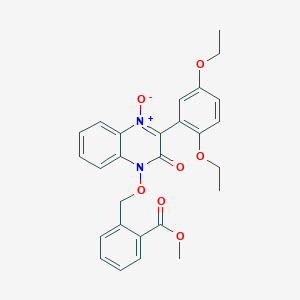 molecular formula C27H26N2O7 B3631340 methyl 2-({[3-(2,5-diethoxyphenyl)-4-oxido-2-oxo-1(2H)-quinoxalinyl]oxy}methyl)benzoate 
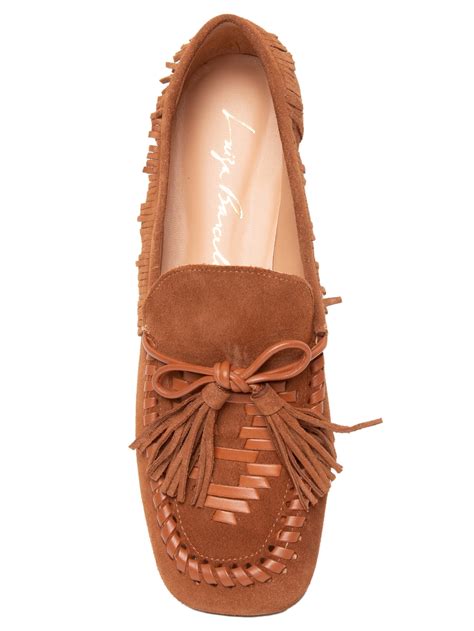 Mocassim De Camurça Feminino - Mocassim Feminino Camurça - Marrom - Luiza Barcelos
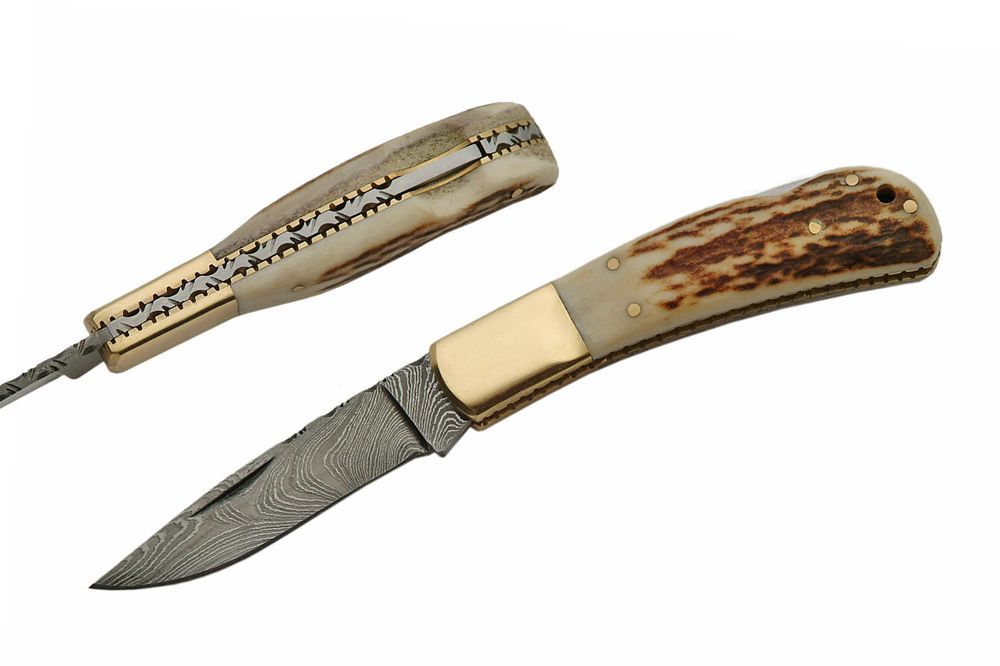 Damascus Steel Blade Folding Pocket Knife | 4" Stag Handle Classic Lockback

### YOUR ASSIGNMENT
Leave out the images and write out the listing above exactly.

### OUTPUT OF THE EXERCISE
 molecular formula C27H26N2O7 B3631340 methyl 2-({[3-(2,5-diethoxyphenyl)-4-oxido-2-oxo-1(2H)-quinoxalinyl]oxy}methyl)benzoate 
 Mocassim De Camurça Feminino - Mocassim Feminino Camurça - Marrom - Luiza Barcelos
 Damascus Steel Blade Folding Pocket Knife | 4" Stag Handle Classic Lockback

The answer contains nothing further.